New discovery: Hand fin ever had lungs
This is not the first time that finfish scoff at science. During the 19th century, this 2m long fish and 100kg weight were classified as extinct species.
Usually fish do not have lungs. But the finfish (cœlacanthe) surprised the scientists from the Brazilian and French research groups, when on September 15, 2015 they published in the journal Nature Communications that this deep-sea fish is still Store a remnant of respiratory organs.
Detecting sock: Hand fin with lung
This is not the first time that finfish scoff at science. During the 19th century, this 2m long fish and 100kg weight were classified as extinct species. But in 1938, a fish surrounded by prehistoric looks like 70 to 400 million years caught by a South African fisherman.
From there, it was discovered that it was still swimming in the Mozambique Strait and off the Indonesian archipelago. This 'fossilized fish' , nicknamed finfish, holds a special place in the phylogenetic chain between fish and vertebrate animals with legs. Recent findings reinforce this position of finfish.
The group of the French National Museum of Natural History and Rio de Janeiro State University (Brazil) gathered many samples of finfish to 'dissect' them with new generation photographic techniques, using a stool accelerator. death in Grenoble (France) to peel off the inner layers of the fish to the smallest details without affecting its integrity.
Hand fin fish.
In adult fish, it is found that the part of degenerated lung, which is no longer functional, is in the fat organ. This fat-filled bag allows it to adapt to buoyancy.
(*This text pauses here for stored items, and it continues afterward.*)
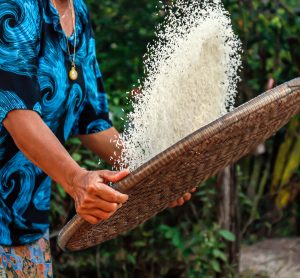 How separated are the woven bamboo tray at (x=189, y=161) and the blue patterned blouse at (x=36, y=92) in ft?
0.69

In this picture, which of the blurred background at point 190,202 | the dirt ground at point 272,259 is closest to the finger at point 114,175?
the blurred background at point 190,202

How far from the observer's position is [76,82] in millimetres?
1855

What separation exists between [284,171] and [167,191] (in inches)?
127

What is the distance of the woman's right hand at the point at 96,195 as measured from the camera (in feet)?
4.58

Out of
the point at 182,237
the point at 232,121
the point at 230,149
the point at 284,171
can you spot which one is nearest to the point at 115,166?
the point at 230,149

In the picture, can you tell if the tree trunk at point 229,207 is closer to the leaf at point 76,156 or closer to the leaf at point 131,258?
the leaf at point 131,258

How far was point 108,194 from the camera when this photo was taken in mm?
1388

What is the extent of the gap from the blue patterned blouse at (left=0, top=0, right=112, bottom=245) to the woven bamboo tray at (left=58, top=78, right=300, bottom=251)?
0.69 feet

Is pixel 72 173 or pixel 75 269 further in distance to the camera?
pixel 75 269

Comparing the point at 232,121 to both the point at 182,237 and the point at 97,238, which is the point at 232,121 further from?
the point at 182,237

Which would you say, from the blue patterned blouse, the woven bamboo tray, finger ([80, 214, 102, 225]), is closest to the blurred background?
the blue patterned blouse

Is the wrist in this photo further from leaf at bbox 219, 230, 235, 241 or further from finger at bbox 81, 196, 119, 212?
leaf at bbox 219, 230, 235, 241

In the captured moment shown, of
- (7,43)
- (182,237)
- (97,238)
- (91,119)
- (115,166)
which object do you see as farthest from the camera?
(182,237)

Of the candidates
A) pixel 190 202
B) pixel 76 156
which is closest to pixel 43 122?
pixel 76 156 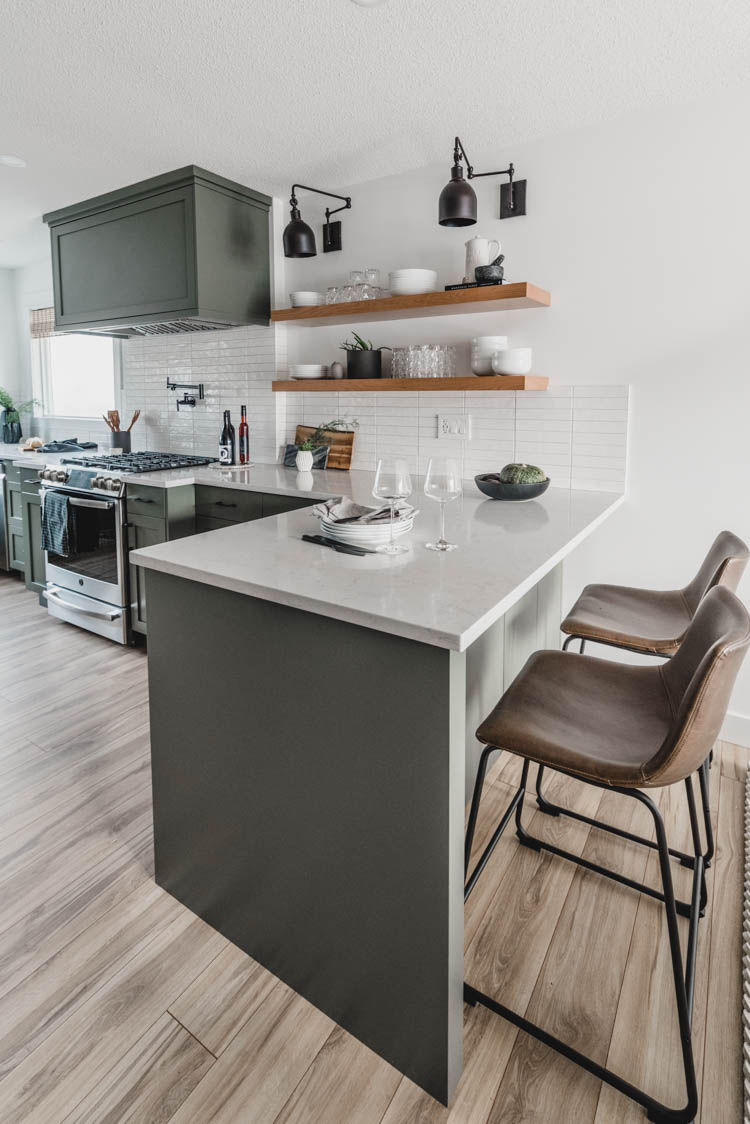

This is a basic function performed in other fish species by fish bubbles (swordfish, river trout), fatty liver (shark) or a wax-like substance in the head (sperm whale).
In finfish, this role lies in the fat bag and therefore it easily swim in the ocean abyss with a depth of 120-800m.
The analysis of fish at the embryonic stage gives scientists a surprising information: in the smallest embryos (4cm), the lungs grow as fast as many mammal marine animals. But then the growth phase stops and the fat organ continues this process.
In fossil fossils from the Devonian to Cretaceous period (less than 410 million to less than 66 million years), it was found in its abdominal cavity a long-shaped organ filled with plaques overlap.'This organ is certainly a functional lung, which is consistent with the finfish habitats,' said the researcher, Marc Herbin.
At that time, pelagic fish did not live in the deep ocean, but on the surface water, both in sea and fresh water. It is possible that he gave up his lungs to adapt to this change.'That explains how the pompano survived the important environmental fluctuations of the Cretaceous (under 145 million to less than 66 million years) and the Paleogene period (under 65 million to under 23 million years)' - the article said.